◆ WHAT IS EXPECTED
Beginning with the line below that contains "how to write the scope of a research project" and ending with the line that contains "Preview for 2", retype every line exactly. Pictures are not copied.

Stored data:
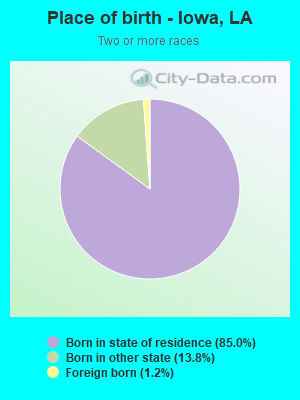 Place of birth - Iowa, LA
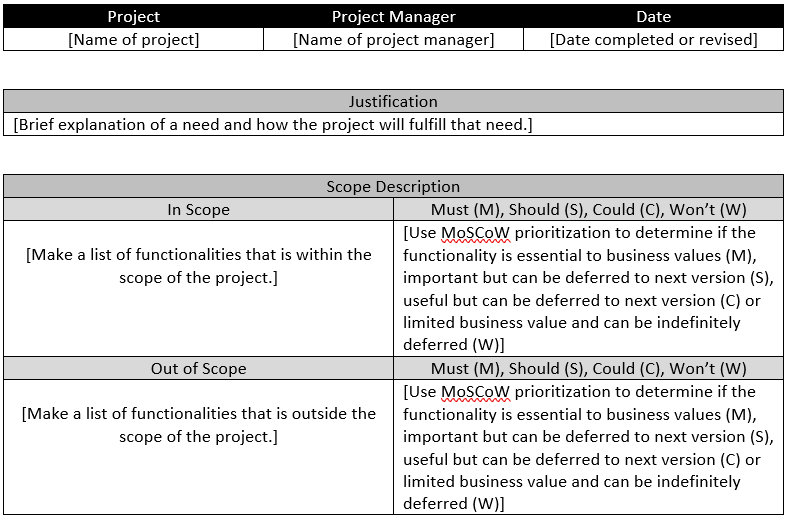 how to write the scope of a research project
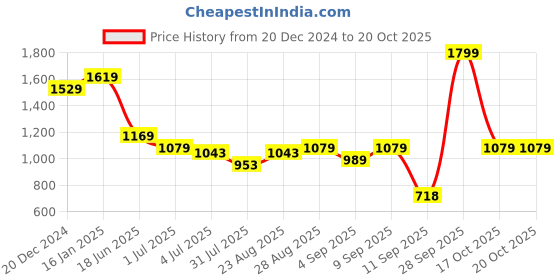 myntra.com Turtle Men Tailored Slim Fit Formal Trousers turtle Price History Graph from 20 Dec 2024 to 18 Oct 2025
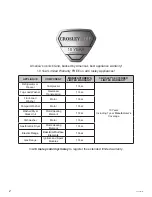 Preview for 2 page of Crosley XTS21 Owner'S Manual And Installation Instructions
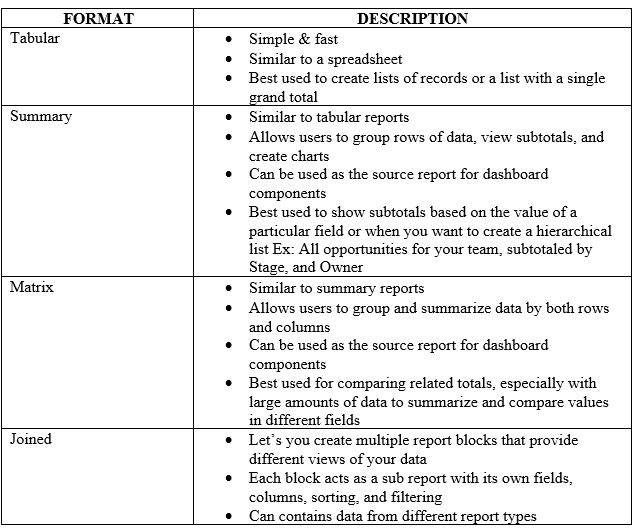 How do i create a matrix report in salesforce lightning Einstein Hub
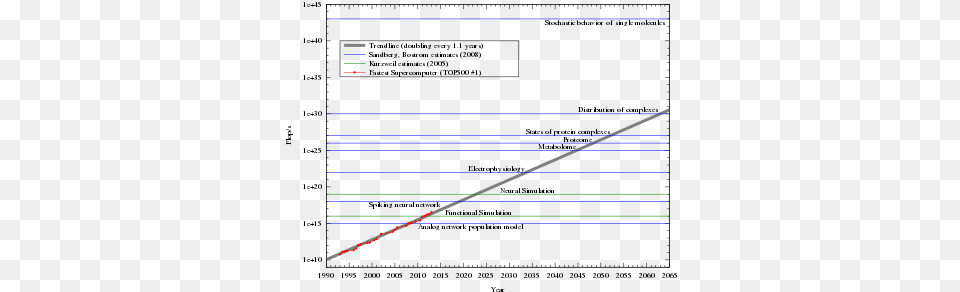 Estimates Of How Much Processing Power Is Needed To Estimated Computational Power Required To Simulate, Light Free Transparent Png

◆ COMPLETED EXERCISE
 how to write the scope of a research project
 myntra.com Turtle Men Tailored Slim Fit Formal Trousers turtle Price History Graph from 20 Dec 2024 to 18 Oct 2025
 Preview for 2 page of Crosley XTS21 Owner'S Manual And Installation Instructions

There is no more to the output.